Well obviously measuring anything high-speed requires the correct gear and know-how to use it. Just probing willy nilly with a x10 probe with a long ground lead mostly gives the same EMI ringing patterns on the scope screen even if you probed your ground plane against the same plane...
But gate shouldn't be that difficult, it's a fairly low-impedance signal (some ohms) with a lot of voltage swing where small fractions of volts are meaningless, you want to know if the gate is at 2V or at 4V at a certain point of time but quite some noise can be accepted in the measurement. Yes, high side has some fast common mode.
Measuring gate voltage is quite easy for the gate driver IC manufacturer with good enough accuracy if they think it gives some benefit to their gate driver operation.
"Kelvin sensing" the source terminal, drain terminal, and switch node is completely possible. The driver IC already has to include the floating driver, the same part can implement floating measurement.
OTOH current shunts are usually chosen to be small enough not to cause serious undesired Vgs negative feedback mechanism, saving the pins and IC design required for Kelvin gate driving. Minimizing the burden voltage is also desirable for efficiency and saving in power dissipation. For example my designs tend to have some 50-100mV max drop under max load and amplifier with some 50x gain. Such low burden voltage can be ignored in gate drive voltage discussion easily.
For really high frequency stuff Kelvin connections are required though to bypass source inductance which otherwise slows down switching.
Again, I'm asking what's the practical point of this discussion, have you seen a design which measures gate current, or have you seen some discussion about it? I.e., what point you are "hiding"?
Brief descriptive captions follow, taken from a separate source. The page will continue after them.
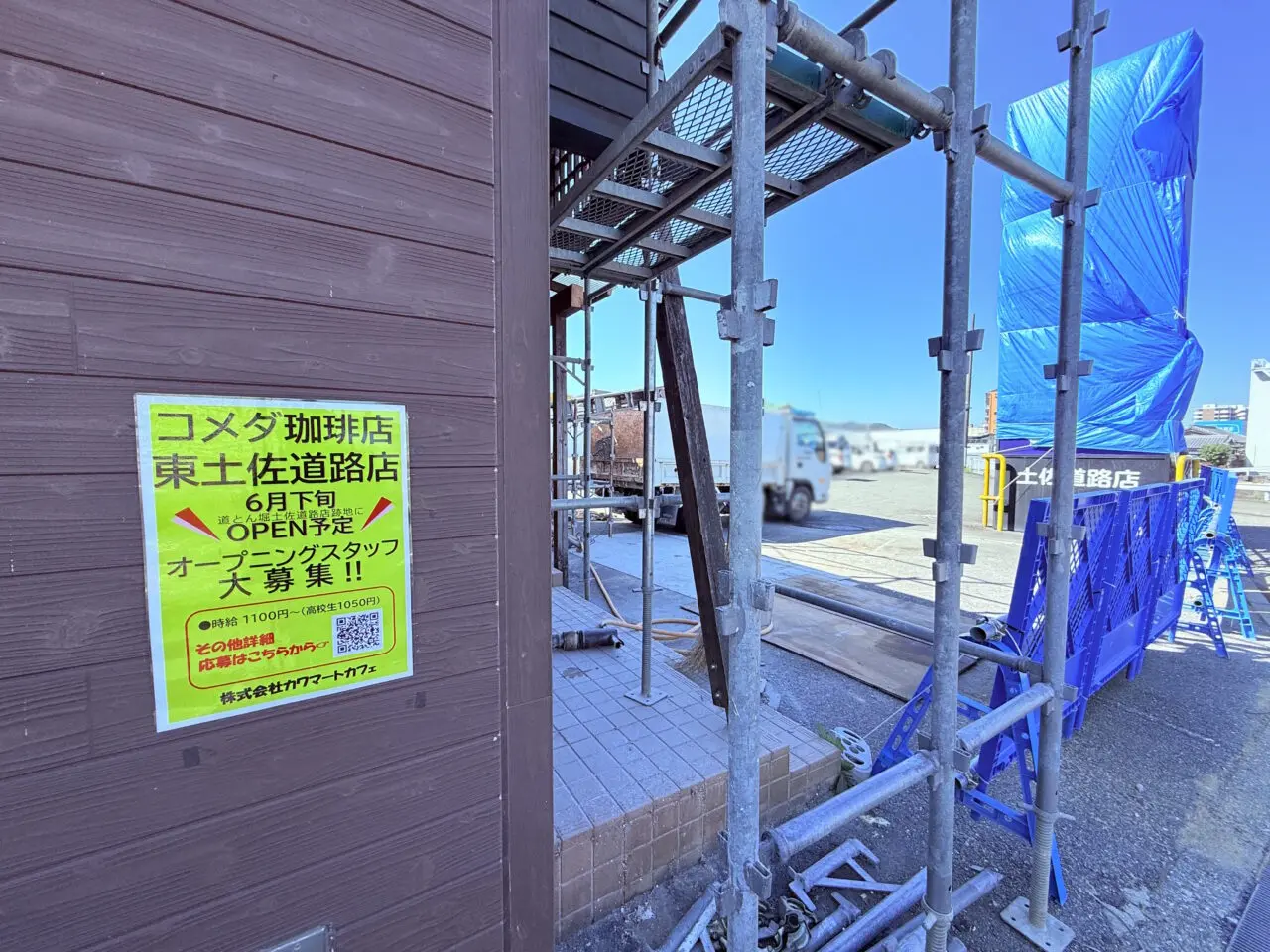 2026年6月下旬に「コメダ珈琲店 東土佐道路店」がオープン予定の「道とん堀」跡地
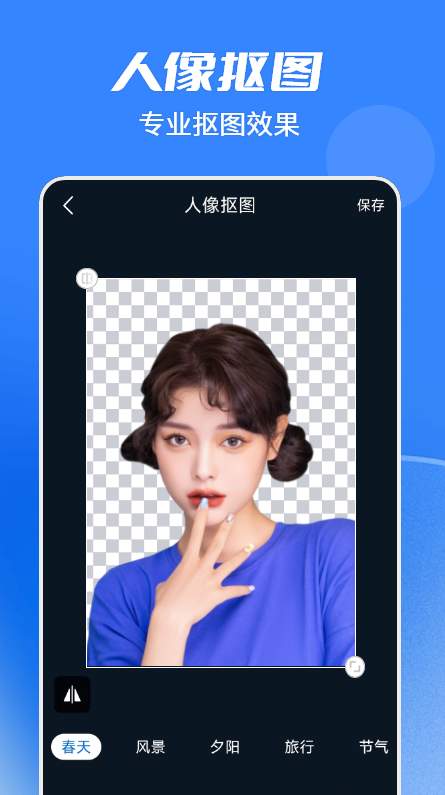 天天抠图全能王截图2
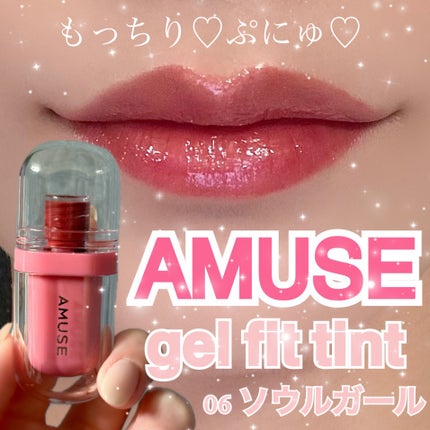 ジェルフィットティント/AMUSE/リップティントを使ったクチコミ(1枚目)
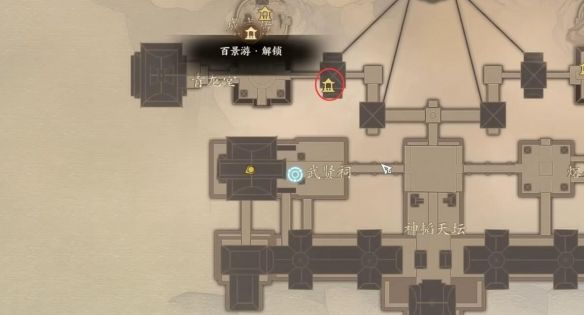 诛仙世界鬼王宗百景游观景点有哪些 - 游戏熊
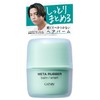 GATSBY Meta Rubber Balm Smart Hair Wax for Men, Glossy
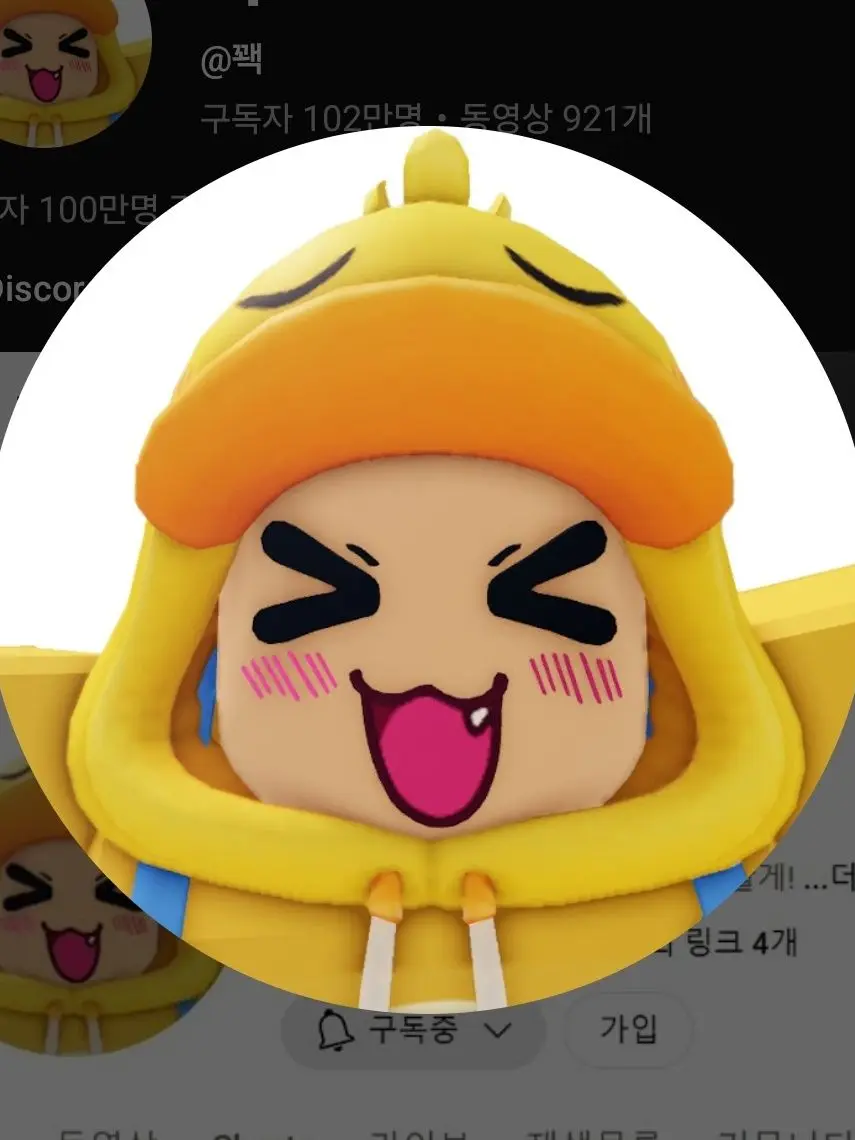 PetiteModem9477의 불사신 꽥탐?!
And are you primarily talking about measurement on the lab table or in-application? Even that isn't clear to me yet, but the difference is huge; for lab, you can just buy decent gear (asuming it's not a shoestring budget hobby thing) and be done with it. In a design, you basically need the IC manufacturers to recognize nont only the brilliance but the real-world benefits of the idea of measuring gate current.